My dad always said that to be a jack of all and master of none would be the saddest thing. He said to achieve excellence, focus and polish one thing. He said do at which you’re best.
It’s true what he said. It always worked for me. I have a passion in life which I value above all. When people ask me what I want to be and what I hope to achieve, the answer shines clear and bright in my mind. When they ask me what I do, I am proudly able to say this is what I do, and it’s the only thing I know. To be good at it is something I want desperately in life.
But there’s also something I think he missed.
It’s what I believe is called the spirit of the game.
I focused so much on one thing that I left behind all others, that all others left me behind. Save one, I had no zeal in mind. I knew one thing, but that is all I knew. It was a one-sided growth, and that always makes you stumble.
To have intense interests across a range of things not only adds beauty and knowledge to your life in multiple ways, it also sharpens and creates value in the aim you consider primary.
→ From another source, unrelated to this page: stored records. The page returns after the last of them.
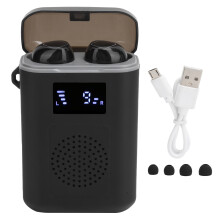 Bezdrôtové slúchadlá do uší s dotykovým ovládaním, Bluetooth stereo systém, vodeodolný ergonomický dizajn, odolná konštrukcia,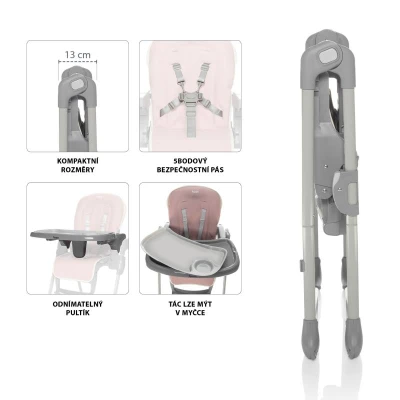 Zopa Dětská židlička Pocket Ice Grey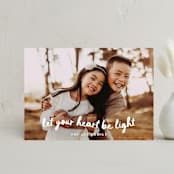 "Heart Be Light" - Holiday Cards in Snow by Sara Hicks Malone - Front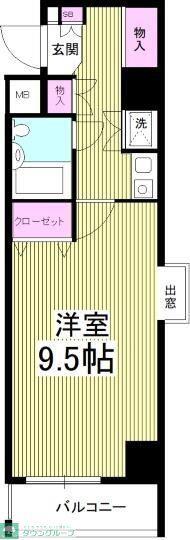ジェネピア東千葉(1K/4階)の間取り写真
To know another language, to play a sport, to attempt to learn an instrument, to have a soft spot for certain kinds of music, to want to cook and create, to do things above and beyond your primary occupation in life is the best thing you can do for yourself. And it is a sin not to do the best that you can for your life.
You don’t have to be the best at other things. The whole point is that things can be pursued simply for their own sake, without a larger aim to make something out of them. It creates the spirit of the game, creates a spirit inside you which is buoyant and healthy, which wants to be wholesome and real. It makes you want to be the best at everything even though you know you can’t and creates good competition in your mind, so that you always make sure to aim for the stars.
And so to be a jack of all is not so bad, for you realize that there are joys in life that come from unexpected places. To achieve excellence is great, but to achieve wholesomeness and happiness is healthier. Do at which you’re best, sure- but also be best at whatever you do.